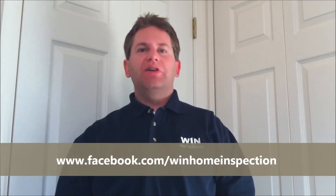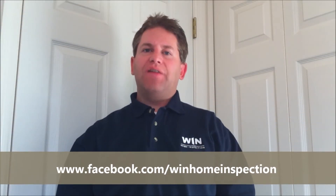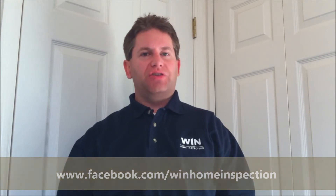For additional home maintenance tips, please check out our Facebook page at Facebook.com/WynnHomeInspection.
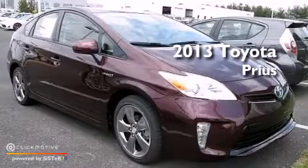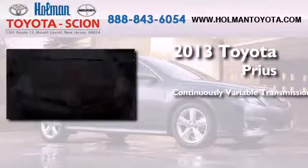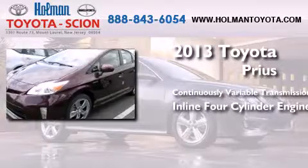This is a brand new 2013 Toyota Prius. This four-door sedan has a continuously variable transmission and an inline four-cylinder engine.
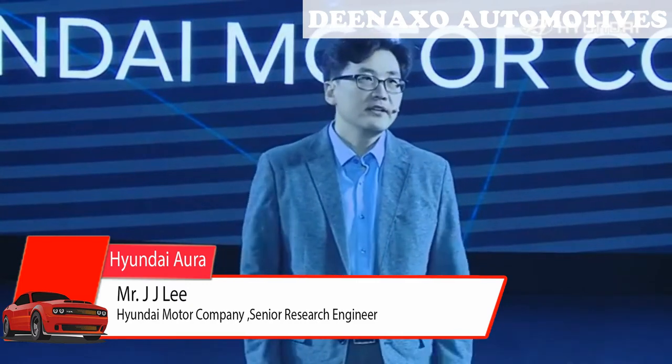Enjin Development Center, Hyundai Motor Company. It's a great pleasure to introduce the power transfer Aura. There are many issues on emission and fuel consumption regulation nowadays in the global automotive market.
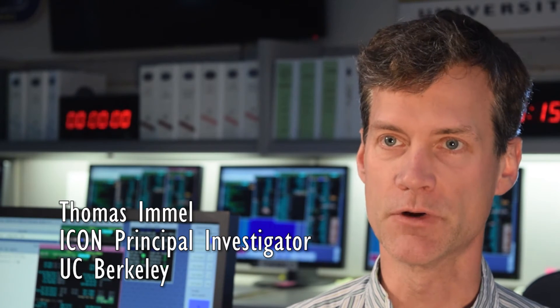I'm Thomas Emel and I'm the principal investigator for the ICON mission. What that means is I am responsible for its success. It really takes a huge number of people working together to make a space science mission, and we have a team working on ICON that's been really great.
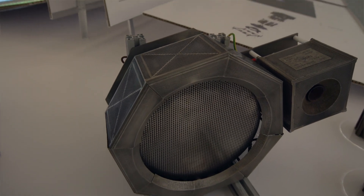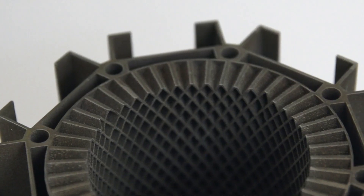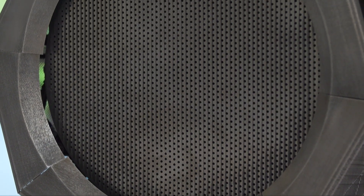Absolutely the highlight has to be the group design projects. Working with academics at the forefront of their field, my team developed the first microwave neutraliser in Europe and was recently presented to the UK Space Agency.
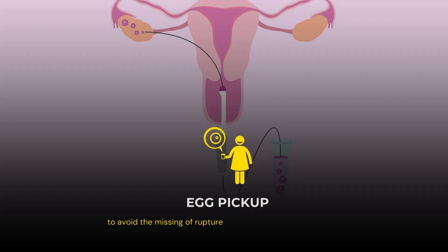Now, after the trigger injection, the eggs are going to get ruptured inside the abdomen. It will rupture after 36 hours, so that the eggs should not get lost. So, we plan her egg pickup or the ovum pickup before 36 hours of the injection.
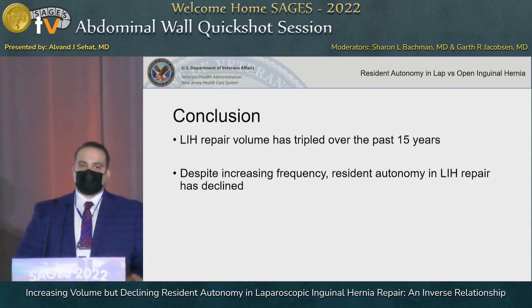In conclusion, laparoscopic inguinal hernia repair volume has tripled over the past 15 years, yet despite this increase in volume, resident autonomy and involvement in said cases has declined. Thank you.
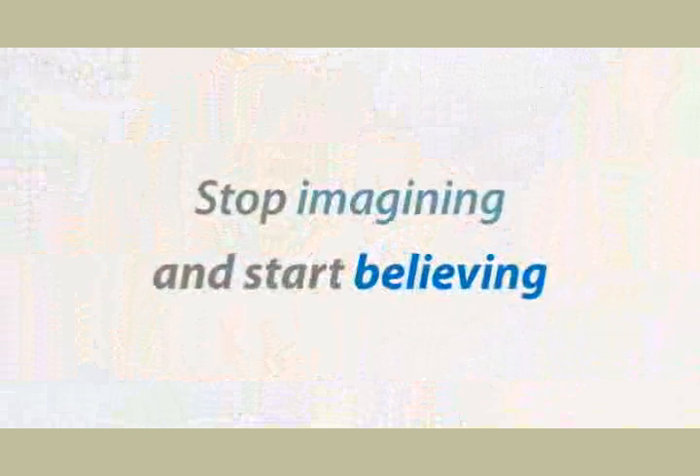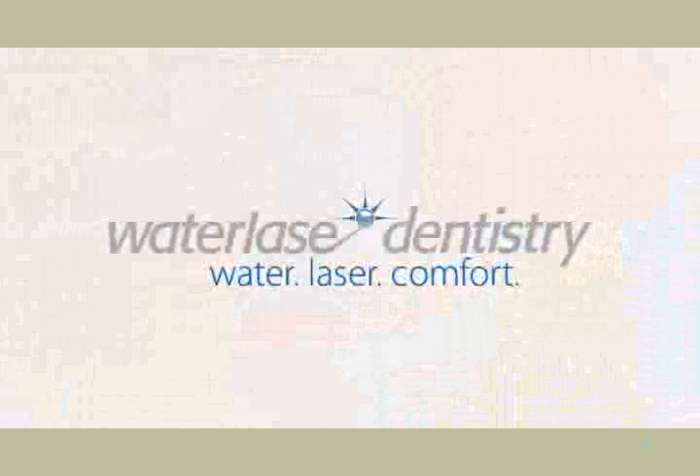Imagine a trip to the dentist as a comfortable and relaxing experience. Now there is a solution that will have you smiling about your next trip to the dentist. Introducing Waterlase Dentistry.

**Your assignment**.
Include the first line of the records, the line containing "Absolutely the highlight", and every line between them, repeated exactly. Skip the pictures.

**Answer box**.
For additional home maintenance tips, please check out our Facebook page at Facebook.com/WynnHomeInspection.
This is a brand new 2013 Toyota Prius. This four-door sedan has a continuously variable transmission and an inline four-cylinder engine.
Enjin Development Center, Hyundai Motor Company. It's a great pleasure to introduce the power transfer Aura. There are many issues on emission and fuel consumption regulation nowadays in the global automotive market.
I'm Thomas Emel and I'm the principal investigator for the ICON mission. What that means is I am responsible for its success. It really takes a huge number of people working together to make a space science mission, and we have a team working on ICON that's been really great.
Absolutely the highlight has to be the group design projects. Working with academics at the forefront of their field, my team developed the first microwave neutraliser in Europe and was recently presented to the UK Space Agency.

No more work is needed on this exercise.